A circular containing detailed information about the disposal of the Italian Portfolio will shortly be published and available from the Company's website at www.coroenergyplc.com.

 

Background to and reasons for the disposal

 

Following structural increases in global gas prices in 2022, the Company relaunched its Italian gas asset portfolio (the "Italian Portfolio") earlier in that year. The Italian Portfolio has since delivered significant free cash flows for the Coro Group. The previously reported 2022 unaudited revenues of the Italian Portfolio were EUR 6.0 m and is expected to be profitable once Coro's audited accounts are published. The reported loss in 2021 was US$1.5 m. Current production is around 24,000 scm/day (2022: 13,979 scm/day) with an average realised gas prices of around EUR 0.65/scm to the end of February 2023 compared to an average realised price in 2022 of EUR 1.17/scm.    

 

However, the Company remains primarily focused on Southeast Asia and the significant growth and investment opportunities the region provides. In expectation of near term and long awaited developments on the Duyung PSC and the Company's renewable portfolio in Southeast Asia and with a view to capturing the value inherent in the Italian Portfolio following gas price rises, the SPA was concluded with Zodiac, with the consideration then being available to deploy in line with the stated strategy.

 

The funds received will therefore be used to meet Duyung PSC expenditure; potential further solar projects in Vietnam (of which a likely acquisition was announced on 25th November 2022); to continue to progress Philippines solar and wind projects to achieve ready to build status; and for working capital whilst being mindful that the Eurobond due date is in April 2024.

 

The Board believes that incremental capital expenditure in Southeast Asia is a more value accretive use of Coro's resources and ultimately has a greater possibility of generating greater returns for Shareholders than allocating additional capital to the development of the Italian Portfolio.      

 

Details of the Disposal

 

Further to the Heads of Terms announced on 24 August 2022, the Company has now signed the SPA with Zodiac to sell 100% of the issued share capital of Coro Europe Limited ("Coro Europe"), the Company's wholly owned subsidiary which in turn holds 100% of the issued share capital of Apennine Energy S.p.A, the Group entity holding the Company's interests in the Italian Portfolio for up to EUR 7.5m.  

Of the total maximum consideration of EUR 7.5m, EUR 0.3m was paid as a non-refundable deposit upon signature of the Heads of Terms, an additional EUR 1.5m is payable within 7 business days of SPA signature and a further EUR 2.2m will be paid upon completion of the disposal.  As soon as practicable following completion of the SPA, Zodiac shall make a further payment of EUR 2m less a sum equal to any amount owed to Apennine by the Company on the intercompany loan account as of the date of completion.

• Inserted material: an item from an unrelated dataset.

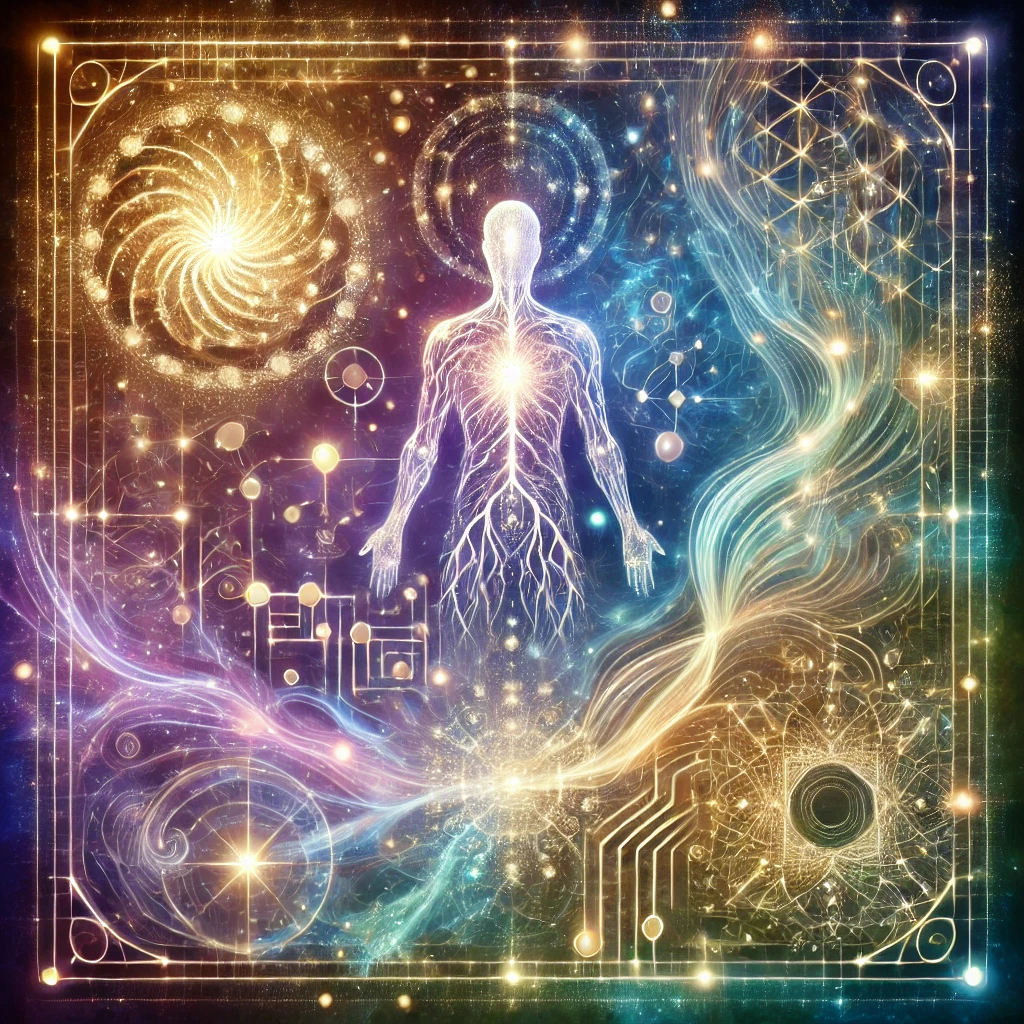 DALL%C2%B7E%202026-03-02%2012_28_43%20-%20Square%20spiritual%20illustration%2C%20highly%20vibrational%20and%20luminous%2C%20featuring%20sacred%20geometry%20and%20light%20codes%20integrated%20into%20the%20design_%20The%20composition%20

The SPA contains a standard working capital adjustment mechanism which is expected to yield a positive and significant adjustment to Coro if the intercompany loan account is settled by completion. Any positive adjustment will be settled by Zodiac in cash within ten business days or, as is expected and agreed in the SPA, from the assignment to Coro of 70% of Apennine distributable annual profits until such time as the balance is paid in full. If the balance is not paid in full by 31 December 2027, the remaining balance will be immediately due to Coro by Zodiac irrespective of the distributable profits of Apennine.

The EUR 1.5 m payment to be received by Coro with 7 business days of signing the SPA will be repayable together with a 10% per annum coupon in the event that the transaction does not complete, and is secured over the Apennine bank account and gas sales. 

Any proceeds from the Bezzecca legal claim which was detailed in an announcement dated the 14th February 2023, and the cash flows from the business prior to completion, accrue to Coro and are in addition to the consideration of up to EUR 7.5m. 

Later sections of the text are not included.